La misteriosa conferencia concluye, y Giuliano volviendo presuroso la dice:

-Es forzoso separarnos al punto. Fío tu seguridad al amigo que está presente; síguele y él te llevará a un paraje seguro, al cual iré a encontrarte muy pronto. Todo está preparado para tu partida, y un deber imperioso me llama a otra parte.

La joven temblando arroja una recelosa mirada al sospechoso personaje a quien la confía su amante, y murmura una negativa; pero él repite con acento y ademán imperioso.

-Obedece y nada temas: ¿quién se atrevería a ofender en lo más mínimo a la esposa de...?

-¿¡De quién!? -preguntó con ansiedad la doncella.

-De un hombre que jamás supo perdonar -respondió Giuliano, y tomándola por la mano la llevó hacia su sombrío compañero que permanecía inmóvil.

-Aquí la tienes -dijo-, tu cabeza responde de su seguridad.

Enseguida le vio Anunziata alejarse presuroso, y sin duda el montañés le había traído un caballo, pues dos minutos después oyó su violento galope.

-Tened piedad de mí, señor calabrés -dijo entonces con ahogada voz.

-¡Corpo di Dio! -contestó el áspero personaje-, ¿de quién diablos tenéis miedo?

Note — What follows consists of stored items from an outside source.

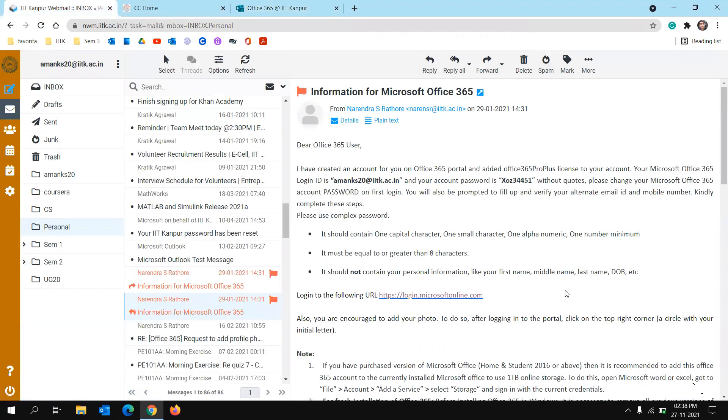And then the mail will be something like this. It will be containing your one-time password. You can click on the link and change your password later. And once you change your password, your account is basically set up.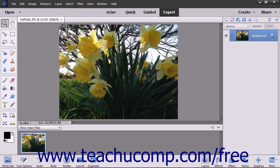You can use it to create, edit, and organize digital images in ways you might never have imagined. You can remove flaws, add text, and make many other changes to images to produce high-quality professional images.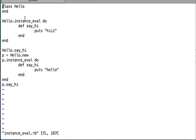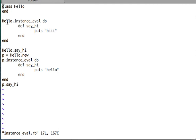So instance_eval is a method you can call on any object. Whatever methods you define inside the code block argument will be available to the calling object and to the calling object only. It will not be available to its siblings, its parents, its children, or its instances — only to the calling object.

Le ofreció su nervudo brazo, que ella tomó temblando, y siguieron la senda que debía volverles a Puzzoli [Pozzuoli].



Continuará…


(7)  Esta parte de los versos de Metastasio fue eliminada en la edición de las Obras completas de 1871. Aparece en la página 45 de la versión de 1858 y también en la primera edición seriada y publicada por el periódico El laberinto.

(8)  Únicos versos aparecidos en la versión de las Obras completas de 1871. Igualmente presentes en las otras dos versiones consultadas: El Laberinto 1843 y en la página 45 de la versión impresa de 1858 por la Imprenta de Luís García, Editor, Calle de San Bartolomé, número 4, Madrid, 242 páginas.